Tuesday, May 19, 2009

ummmm...i have a confession to make!

i kinda felt bad for wagging or skipping early morning, i know i shouldn't have, but i felt guilty sooo in the end i went back to class - but i never really meant to do it. i kinda woke up late and the bus to get to school comes every half an hour so i would have been late anyway. i blame not sleeping enough these days - you wouldn't believe how much i sleep i got on Monday, 3 hours. My mum is kinda getting worried that i'm getting thinner and thinner, but i'm eating correctly and all, but i thought i ate quite alot of chocolate and ice cream lately - shouldn't i be gaining weight?weird body probably - :P.

Sunday, May 17, 2009

how do i really feel after breaking up with him and why did i do it?

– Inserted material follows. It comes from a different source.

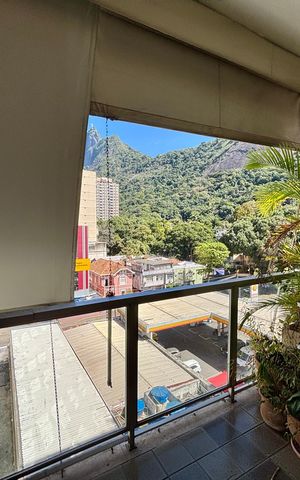 Apartamento à venda com 161m², 4 quartos e 2 vagasQuarto 1 - varanda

Why did i break up with him?
Well lets say it all started with the beginning of this year, seems so long ago doesn't it - things just weren't feeling right and to be honest i never really felt the same after the last time we reconciled and i thought it's time to end this relationship that is going nowhere (things is that we didn't get any closer, probably forgot about each other half the time and loved each other more like siblings than lovers - people who have been through a relationship that didn't go right would know the feeling).

HOw do i feel now?
Technically speaking, i was really upset when i broke up with him and to tell you the truth, i was a coward who couldn't do the right thing and do it face to face like a normal person. I ended up doing it online - i know awful person who couldn't really set things straight. Now? i feel less pain i guess, after knowing that we just weren't right for each other and that things would be alot better if we just went back to being friends. :)

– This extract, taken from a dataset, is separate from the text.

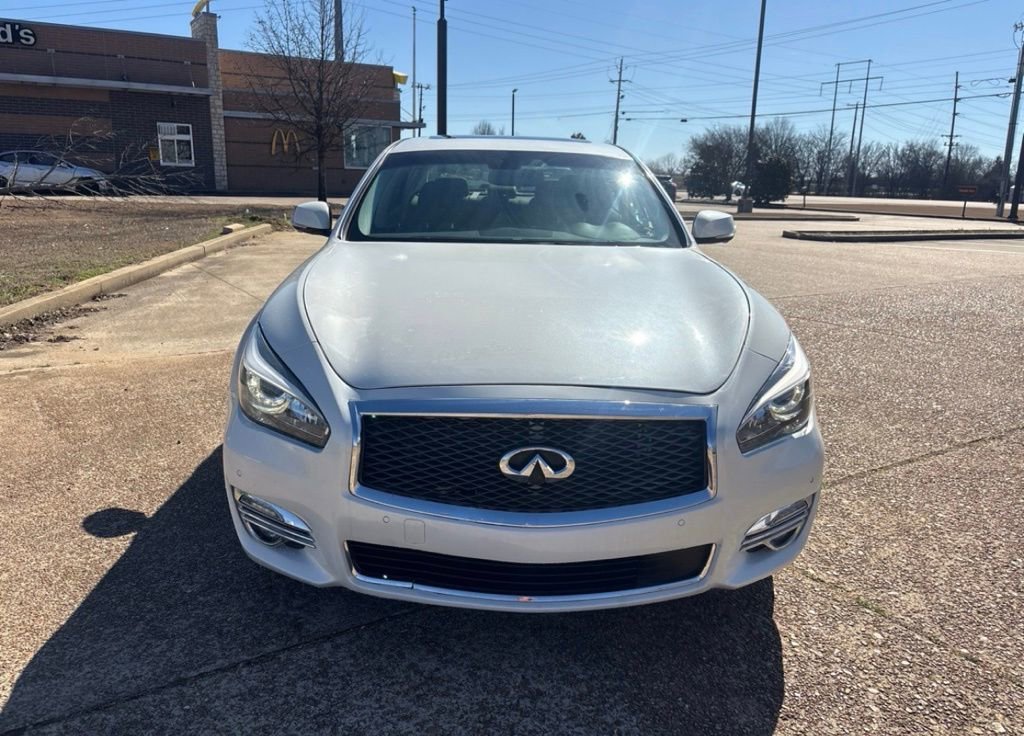 Used 2019 INFINITI Q70 L 5.6 w/ Sensory Package image 2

Sooooo....hyung, don't worry, i'm fine and i can look after myself even though i did go emo for a little while, i'm all better now and back to my happy self. I found one thing worked during my time of sadness that cheered me up heaps, CHOCOLATE, ICE CREAM AND my puppet, the giraffe. i'll show you how he looks like one day. have a nice day peoples or followers whoever or whatever you're called.
xoxo

Tuesday, May 12, 2009

NOTE:another random blog!!!!

much can be said about me, but one is for certain - I HATE UPDATING MY BLOG. As it seems i prefer reading blogs instead, and the sentence, "Note to self:Don't marry an engineer" caught my eye. I actually cracked up after reading that one - sarah you're always right(the note came from Sarah's page)- engineers don't seem like a fun person according to internerds , but what is considered a fun person in the first place?

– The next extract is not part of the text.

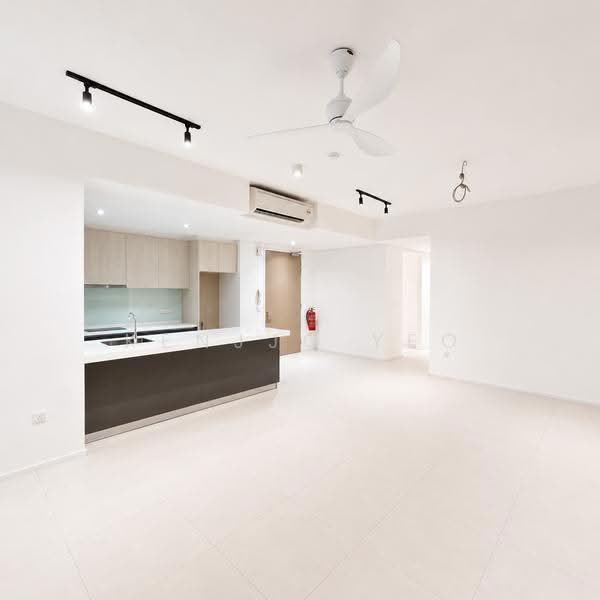 Kediaman Servis untuk Dijual di Cantara Residences - Kenjjo Yeo - Kitchen - PropertyGuru.com.my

The future is something that can be changed, soooooooo scarebear - you never know, you just might marry an engineer, love him to bits, have the average 2.5 kids or more and live the rest of your life with the most unromantic person in the whole wide world. MUAHAHAHAHAHA!!!! I'm nasty today, we all know that she doesn't want to marry a engineer, but if she does - we can forever mention the fact that she hated him from the beginning because he was an engineer!

Sunday, May 3, 2009

My addiction to.......ICE CREAM!!!!


OMG! i know, it's hard to believe that I,Priscilla Wong managed to not eat ice cream for a week and then find that i have forgotten the flavour of ICE CREAm! I don't know if it's just me, but ice cream tastes a hell lot better after not eating it for a week and then become addicted to it due to not eating it. This is such a random blog, but i just had to report about it because according to my friend SARAH, I'm a lazy blogger and i've come to an agreement with myself to update my blog at least once a month. Soooo... my stint from ice cream for a week works - note to anyone reading my blog: this is one of those one of a lifetime things you have to try to really know the taste of ice cream, and remember to buy your favourite ice cream afterwards, personally i go to buy gelato in Fremantle. I know a man there who makes fresh homemade gelato, anyone interested? hmmm...actually i'll keep the secret of the place to myself now, i'm such a selfish creature aren't i?Maybe if someone reads and begs me one day....

You know what writing a blog at 3am in the morning is the worst thing i've ever done, i've probably wrote utter rubish on here. Oh well - try to make some sense of it, at least i made an effort right?